Would you write out the lines below exactly, from the one containing "Broken glass scattered" to the very last, but without the pictures?

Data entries
○ ○ ○

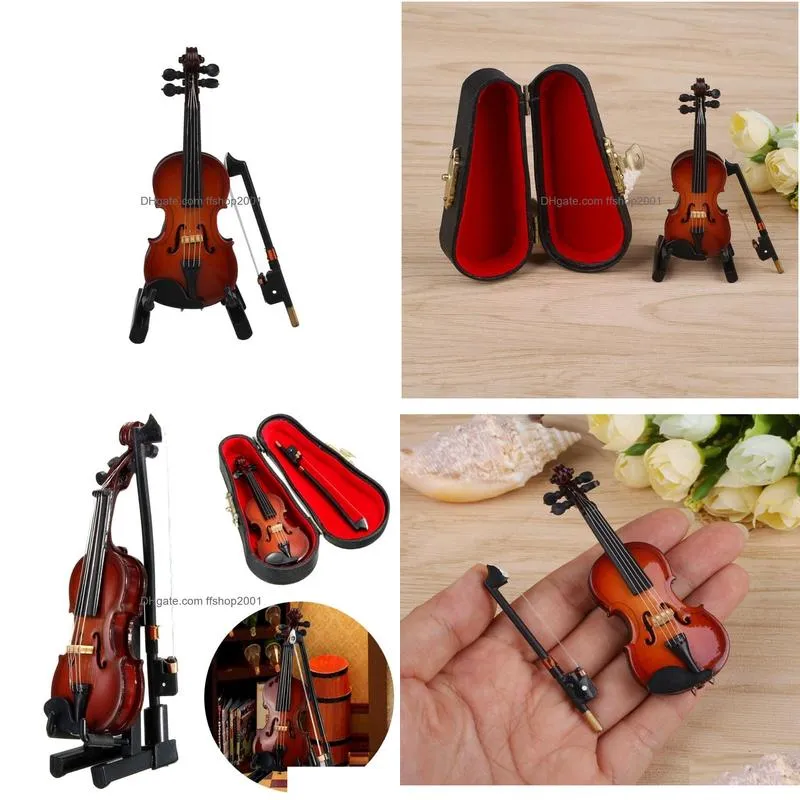 high quality mini violin upgraded version with support miniature wooden musical instruments collection decorative ornaments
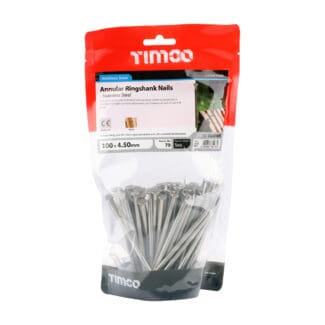 TIMCO Annular Ringshank Nails A2 Stainless Steel - 100 x 4.50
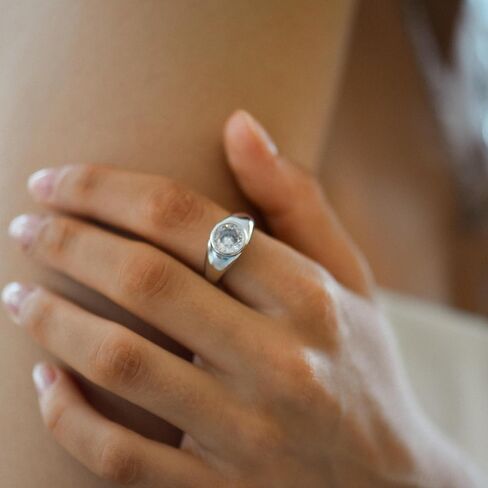 Aurelia Mae Women's Wide Band Round-Cut 2 Carat CZ Ring | Large Gold Chunky Bezel Halo Statement Ring in Saudi Arabia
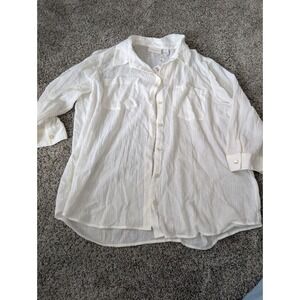 Chicos Easy Delight Tina Button Down Shirt Optic White 3/4 Sleeve Cotton Gauze 3
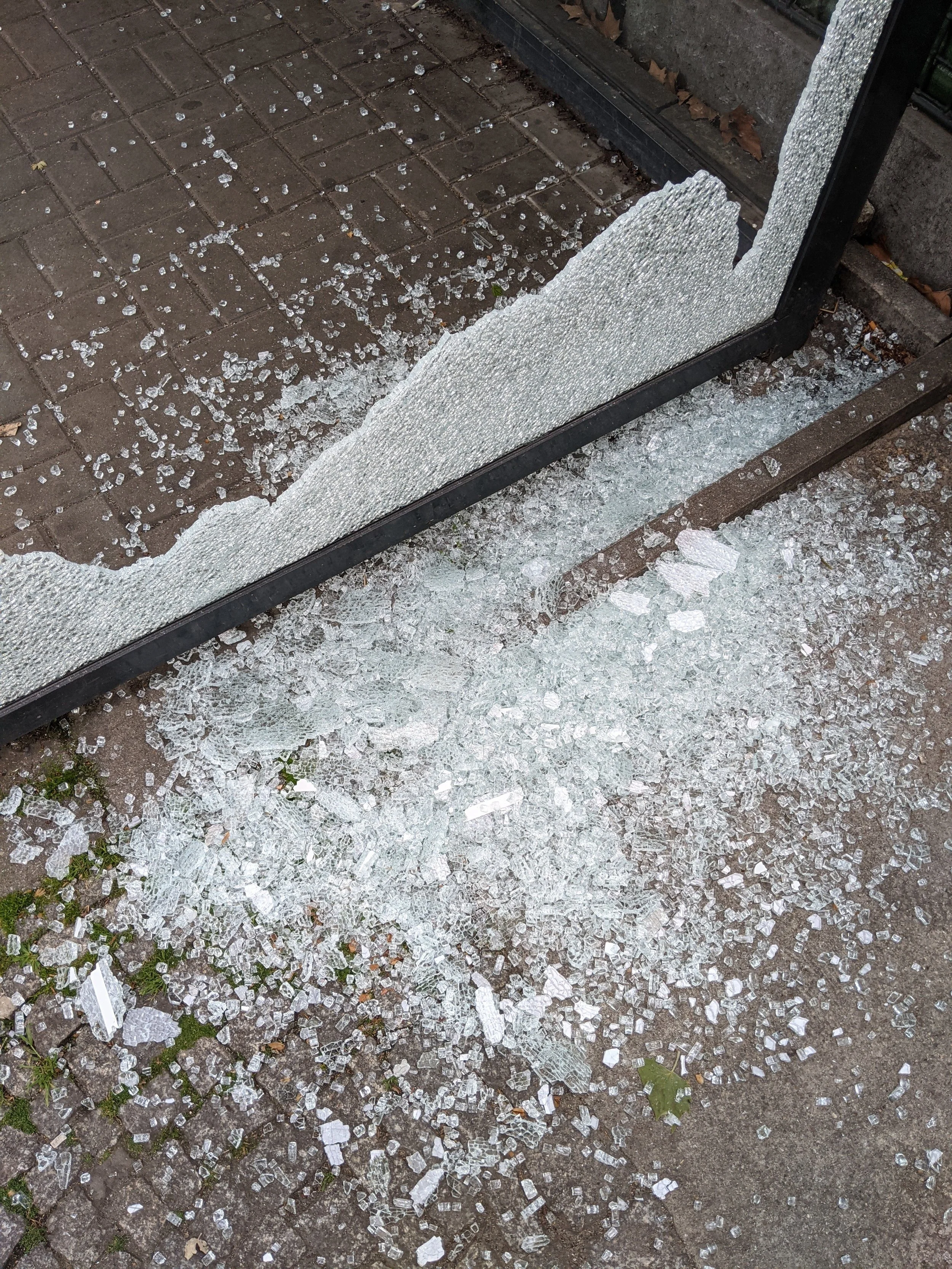 Broken glass scattered across a ground with bricks and some leaves. A mirror or glass panel with shattered edges is leaning against a wall.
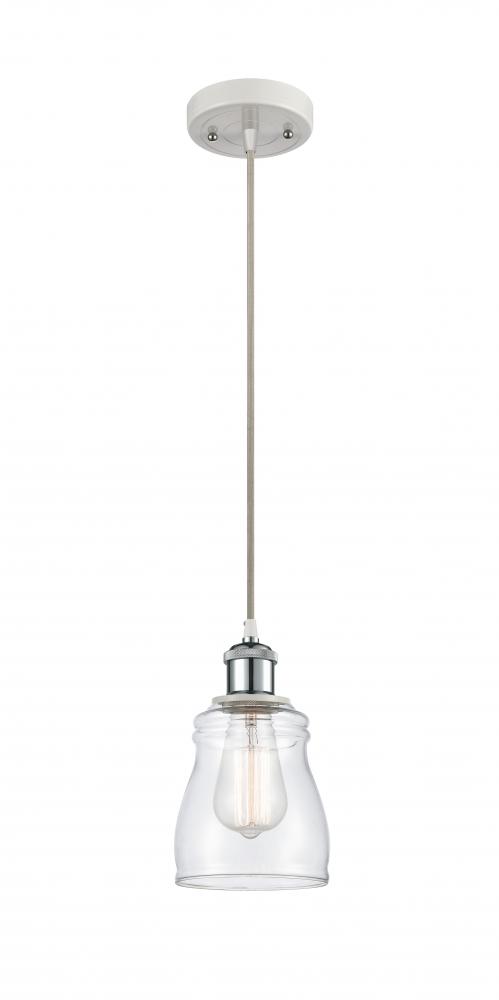 Ellery - 1 Light - 5 inch - White Polished Chrome - Cord hung - Mini Pendant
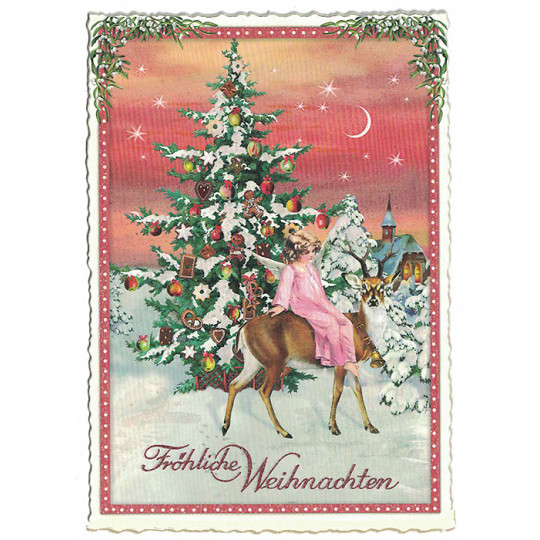Angel's Sunset Christmas Tree Postcard ~ Germany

○ ○ ○

• [OUTPUT FOR THIS TASK]
 Broken glass scattered across a ground with bricks and some leaves. A mirror or glass panel with shattered edges is leaning against a wall.
 Ellery - 1 Light - 5 inch - White Polished Chrome - Cord hung - Mini Pendant
Angel's Sunset Christmas Tree Postcard ~ Germany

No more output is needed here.